Your assignment is to determine which issues have "statistically significant" differences between political parties in this [1980s congressional voting data](https://archive.ics.uci.edu/ml/datasets/Congressional+Voting+Records). The data consists of 435 instances (one for each congressperson), a class (democrat or republican), and 16 binary attributes (yes or no for voting for or against certain issues). Be aware - there are missing values!

Your goals:

1. Load and clean the data (or determine the best method to drop observations when running tests)
2. Using hypothesis testing, find an issue that democrats support more than republicans with p < 0.01
3. Using hypothesis testing, find an issue that republicans support more than democrats with p < 0.01
4. Using hypothesis testing, find an issue where the difference between republicans and democrats has p > 0.1 (i.e. there may not be much of a difference)

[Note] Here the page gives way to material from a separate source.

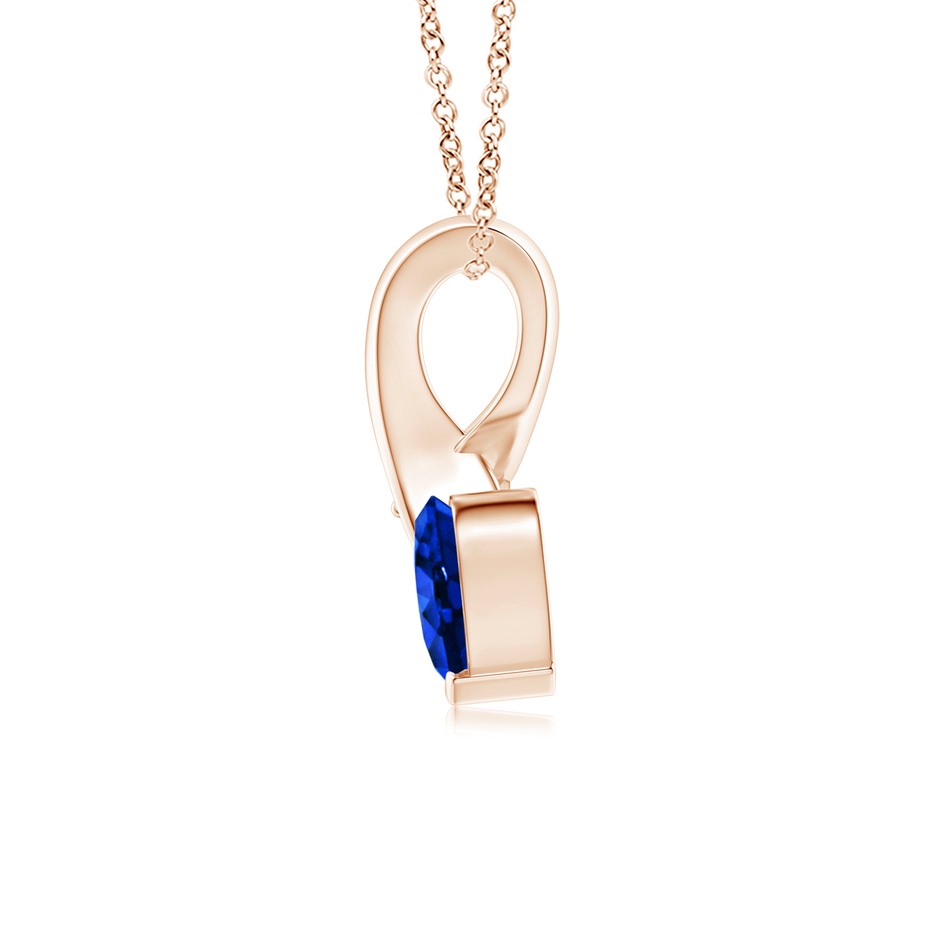 5mm AAAA Heart-Shaped Sapphire Ribbon Pendant with Diamond in Rose Gold side 199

Note that this data will involve *2 sample* t-tests, because you're comparing averages across two groups (republicans and democrats) rather than a single group against a null hypothesis.

In [0]:
import pandas as pd
import numpy as np
from scipy.stats import ttest_ind, ttest_ind_from_stats, ttest_rel, ttest_1samp


In [254]:
!wget https://archive.ics.uci.edu/ml/machine-learning-databases/voting-records/house-votes-84.data

--2019-10-08 02:20:30--  https://archive.ics.uci.edu/ml/machine-learning-databases/voting-records/house-votes-84.data
Resolving archive.ics.uci.edu (archive.ics.uci.edu)... 128.195.10.252
Connecting to archive.ics.uci.edu (archive.ics.uci.edu)|128.195.10.252|:443... connected.
HTTP request sent, awaiting response... 200 OK
Length: 18171 (18K) [application/x-httpd-php]
Saving to: ‘house-votes-84.data.1’


2019-10-08 02:20:31 (288 KB/s) - ‘house-votes-84.data.1’ saved [18171/18171]



In [0]:
# Load Data
df = pd.read_csv('house-votes-84.data', 
                 header=None,
                 names=['party','handicapped-infants','water-project',
                          'budget','physician-fee-freeze', 'el-salvador-aid',
                          'religious-groups','anti-satellite-ban',
                          'aid-to-contras','mx-missile','immigration',
                          'synfuels', 'education', 'right-to-sue','crime','duty-free',
                          'south-africa'])

In [0]:
df = df.replace({'?': np.NaN, 'y':1, 'n':0})



In [0]:
# Filtering

republicans = df[df.party == "republican"]
democrats = df[df.party == "democrat"]

In [0]:

issues_list = df.columns.to_list()
issues_list.remove('party')

In [0]:
# Define a function to compare the means between parties

def compare_means(issues):
  BOLD = '\033[1m'
  END = '\033[0m'
  UNDERLINE = '\033[4m'

  d = BOLD + "Dem mean is: " + END
  r = BOLD + "Rep mean is: " + END
 
  for issue in issues: 
    dem_mean = str(np.mean(democrats[issue]))
    rep_mean = str(np.mean(republicans[issue]))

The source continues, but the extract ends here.